Introduction#

This document outlines a software reference guide intended to help NVIDIA Cloud Partners (NCPs), Cloud Service Providers (CSPs), and Independent Software Vendors (ISVs) build AI cloud services on NCP hardware platforms. It presents an infrastructure-native Northstar reference that supports multi-tenancy and elastic resource allocation.

As inference workloads grow in importance, organizations increasingly require fungible compute resources that can dynamically satisfy multi-tenant training and inference workloads. This shift has driven the need for a cloud-native approach to building and operating AI service stacks.

This document describes how to build such a solution using Kubernetes and modern AI Platform-as-a-Service (PaaS) offerings. The document also provides guidance on optimizing the performance of AI inference and training within a virtualized environment, where workloads can run on either shared or dedicated physical hosts.
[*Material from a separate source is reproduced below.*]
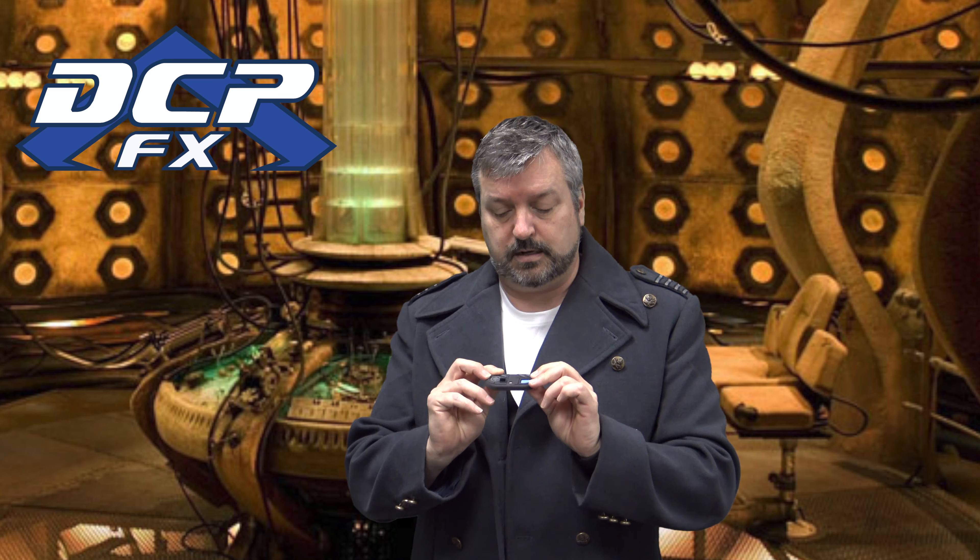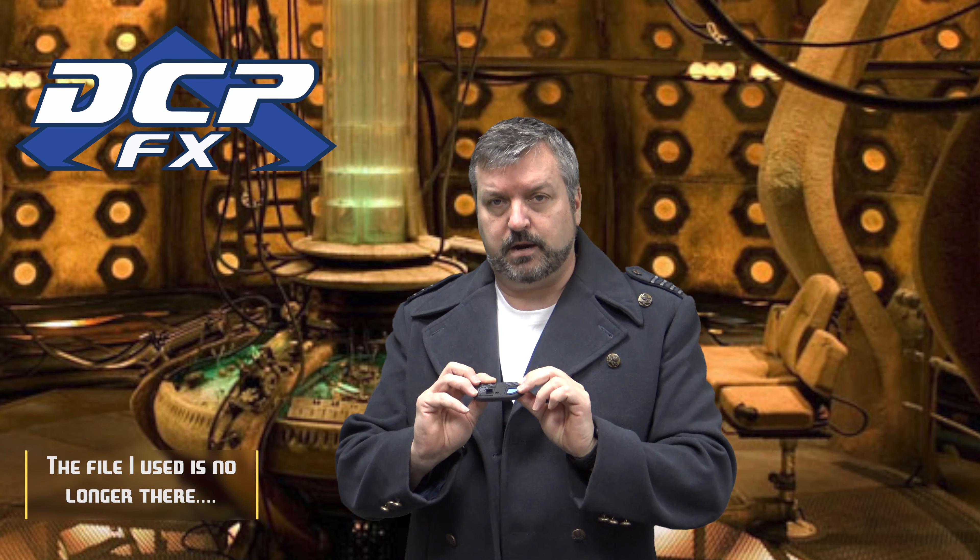I wanted to show this — it's something I worked on about a year and a half ago and haven't quite finished yet: a Vortex Manipulator. This is a file I found on Thingiverse — I didn't make it, I did a little bit of cleanup on it. I'll put the link down below. It's a great little file; I had to make it a little bit bigger to fit my wrist. What was out there was quite small, maybe a kid's size.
Built on top of the NCP Hardware Reference Design, the architecture stack follows a layered approach:

Infrastructure-as-a-Service (IaaS) for bare metal and virtual machine provisioning
Container-as-a-Service (CaaS) with managed Kubernetes
AI Platform-as-a-Service (PaaS) for tenant-facing AI workloads

The layered design enables NCPs to deliver dynamic, multi-tenant AI services competitive with hyperscale cloud service providers. The architecture is infrastructure-native; compute, storage, and networking resources are allocated in an on-demand model rather than statically provisioned.
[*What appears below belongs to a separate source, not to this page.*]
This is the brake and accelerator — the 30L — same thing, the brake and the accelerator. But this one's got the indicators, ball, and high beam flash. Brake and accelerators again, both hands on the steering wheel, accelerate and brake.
NCPs can work with an ecosystem of integrated services vendors (ISVs) or implement open-source tools to deliver security and workload isolation. This enables the operation of a concurrent multitenant private cloud that leverages the performance-optimized stack outlined in this reference architecture. NVIDIA certifies the performance of third-party solutions so that NCPs can confidently choose their partner of choice.

Document Structure#

The document is organized into two sections:

NCP Software Reference Guide: Describes a layered multi-tenant AI cloud architecture, covering the capabilities that are desired at each layer; IaaS, CaaS, and PaaS. Considerations for network management, workload isolation, observability, and break-fix are mentioned.
Key Software Components: Provides detailed information on NVIDIA-provided software addressing specific capabilities mentioned in the Software Reference Architecture section. Each entry explains the software component and maps it back to the architectural capabilities. The use of software provided by NVIDIA is optional and depends on architectural decisions.

Audience and Scope#

This document is a reference guide, not an implementation manual. It describes capabilities required at each layer and identifies where software provided by NVIDIA may be integrated.
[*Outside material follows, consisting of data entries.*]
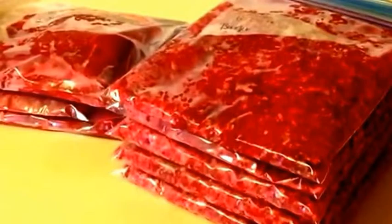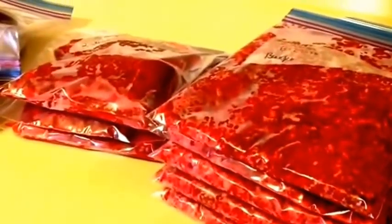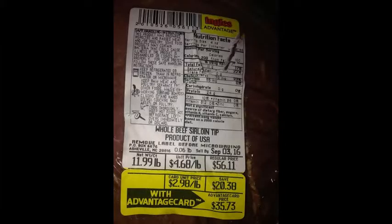Good morning everybody. I want to show you guys — this weekend we bought a whole beef sirloin tip, right at 12 pounds of meat, and we got it for $35. It was $56 and it was on sale at Ingalls. Justin cut it up and we ground our own burger, we cut some sirloin steaks out of it, and we had three roasts.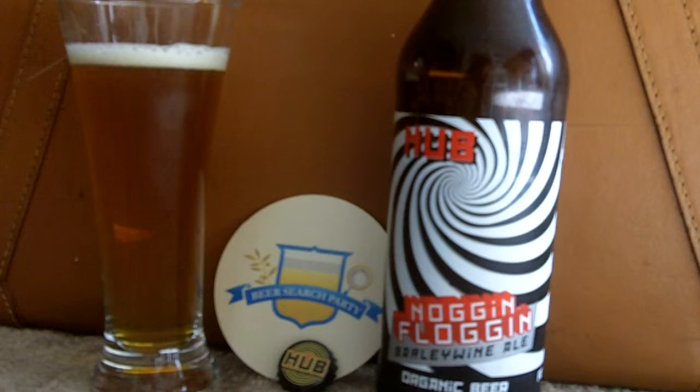Hello and welcome to the Beer Search Party. This is Sean Inman, and our final Oregon beer for the month of March is from Hopworks Urban Brewery, otherwise known as Hub.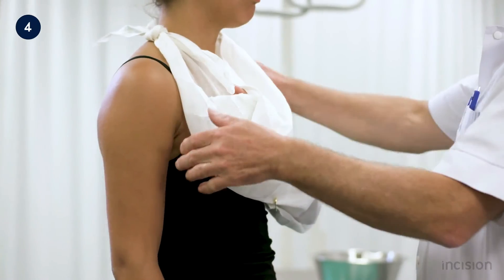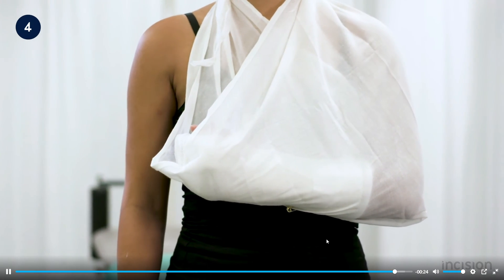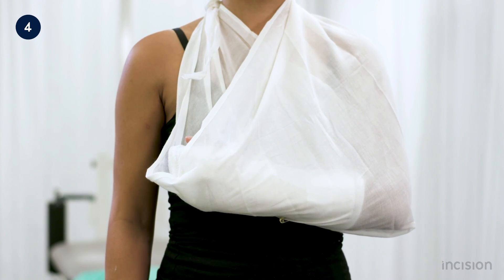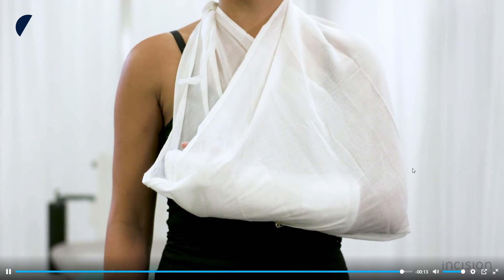The application of the splint is now completed. Note the hand's elevated position in relation to the elbow, which prevents swelling of the hand and forearm. Be aware that a triangular bandage is preferred over a sling, as a sling carries the risk of causing pressure complications by indentations in the plaster.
NCPs: Use this as a checklist of capabilities needed for operating a multi-tenant AI Cloud service. Each section describes what key capabilities are desired in each layer. This reference can be used to assess your current software offering stack to identify gaps and make informed build and buy decisions.
ISVs: Map your software offerings to this layered architecture framework. The NVIDIA software identified in each section represents integration points and complementary components for your provided solutions.

User Personas#

User personas listed in the table below are the roles that interact with, administer, or use the system implemented using the NCP Software Reference Guide.

User Personas#
Persona	Definition
Vendor	This is NVIDIA or a third-party provider of software, hardware, or services that are integrated into the NCP offering.
Operator	The entity that owns and operates (physical and virtual) infrastructure in an NCP deployment. This entity is responsible for IaaS/CaaS/PaaS platform services, tenant isolation, security, and break-fix operations.
Tenant	The entity that consumes resources within a cluster and represents a customer of the NCP. Tenants purchase services from the NCP and either directly consume NCP-provided services or build services on top of them. Tenants include two types of users: Tenant Administrators and Tenant End Users.
Administrators	Tenant Administrators are responsible for managing the tenant’s services on top of the NCP’s platform.
End User	Tenant End Users represent the customers of the tenant. An end user can also be a user within the tenant organization (for example, an employee). This group includes AI practitioners (ML Engineers, Data Scientists) who develop and deploy models, or application users who consume AI-powered services.

Terms and Definitions#

Terms and definitions in this document are defined in the table below.

Terms and Definitions#
Term	Definition
NVIDIA Cloud Partner (NCP)	An NVIDIA partner who leverages the NVIDIA platform to build data centers and offer AI cloud services.
Kubernetes as a Service (KaaS)	An automated mechanism to quickly stand-up K8s clusters for end customers.
Concurrent multitenancy	Scenarios where more than one tenant has access (directly or indirectly) / is active on a physical host at any point in time.
Worker host	A bare metal server that forms the foundation for the control plane as well as worker hosts.
Worker node	A virtualized compute resource on a physical host, commonly called “Guest Virtual Machine”. The worker node is the resource that is used by tenants to execute their workloads.
Shared host	A worker host that is shared between two tenants (concurrent multitenancy on the host).
Dedicated control plane	A K8s control plane (or similar) that operates workloads of one tenant and one tenant only within the cluster.